VPN configuration workflow
VPN configuration requires several high-level steps.
This workflow contains steps for all kinds of VPN configurations. Alternative next steps are included as necessary to achieve a particular type of configuration.
- (Optional) If you are configuring a VPN with an external device, you might want to create a custom Gateway Profile specific to the device.
- (External VPN gateways only) Add the necessary number of External VPN Gateway elements to represent the VPN devices. External VPN Gateway elements define the VPN endpoints (gateway IP
addresses) and the sites (see the next point). Note: One VPN Gateway elements is automatically created for each Engine that is managed by the Management Server and administrative Domain that you are currently connected to with your Management Client.
- (Policy-based VPNs only) Configure the sites. Sites define the IP addresses that can be made routable through VPNs. The sites can be adjusted in different VPNs that the gateway establishes.
- (Optional) If the existing VPN Profiles do not have suitable settings for your new VPN, create a custom VPN Profile element. The custom VPN Profile element defines the IPsec settings (authentication, encryption, and integrity checking).

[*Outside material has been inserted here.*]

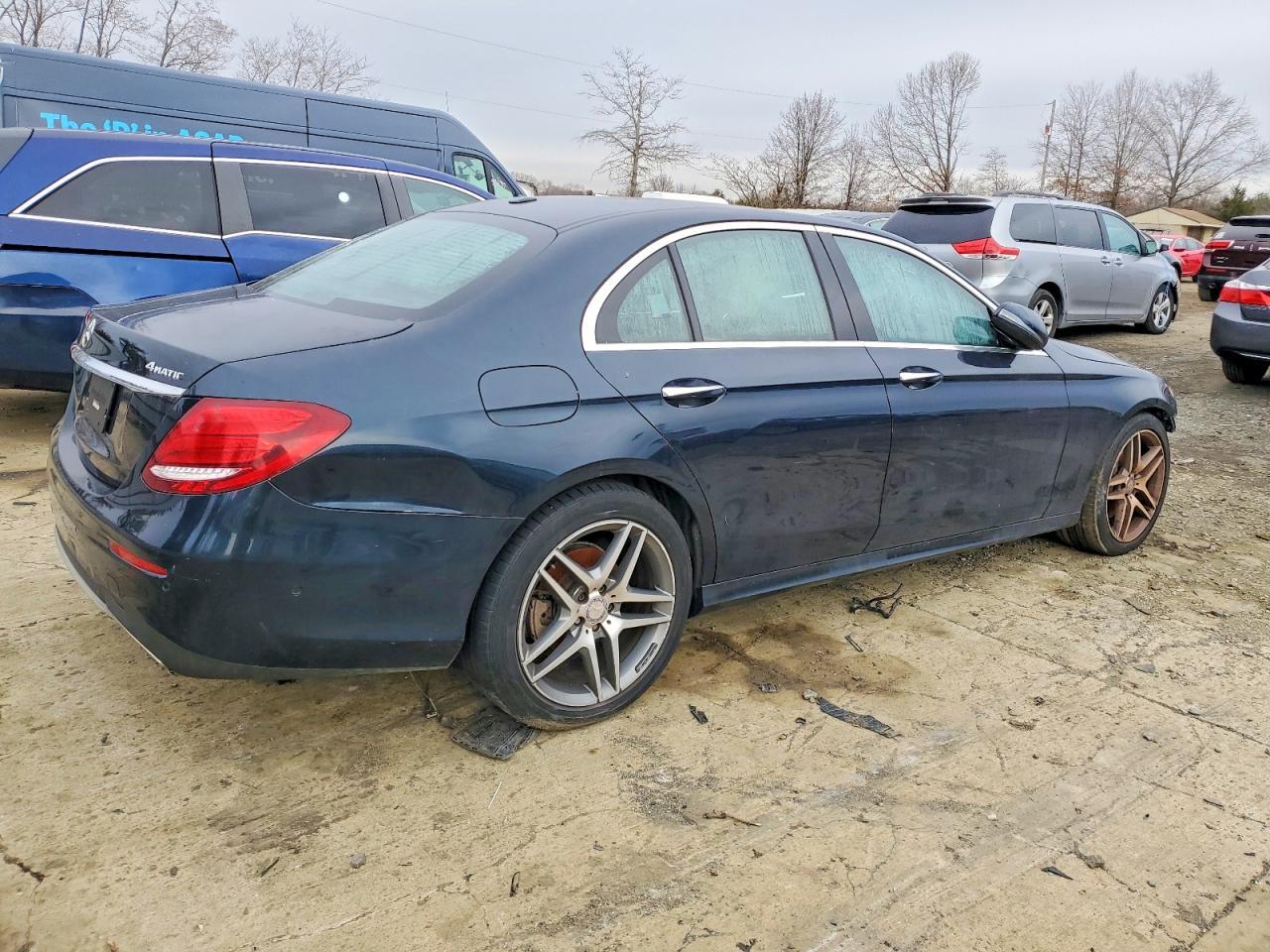 2017 MERCEDES-BENZ E-Class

- Define the VPN in one of the following ways:
- Create a Policy-Based VPN element. The Policy-Based VPN element defines the topology (which gateways create tunnels with each other).
- Create Route-Based VPN Tunnel elements to define endpoints for tunnels in route-based VPNs.
- Create certificates, if necessary.
- Add the necessary Access rules according to the type of VPN:
- (Policy-based VPNs) Add the Access rules that allow traffic and select the policy-based VPN to be used. If necessary, the NAT rules for VPN traffic. Adding rules for policy-based VPNs also activates the VPN on the engines.
- (Route-based VPN) Add Access rules to allow traffic between the internal network and the networks that are reachable through the route-based VPN tunnels.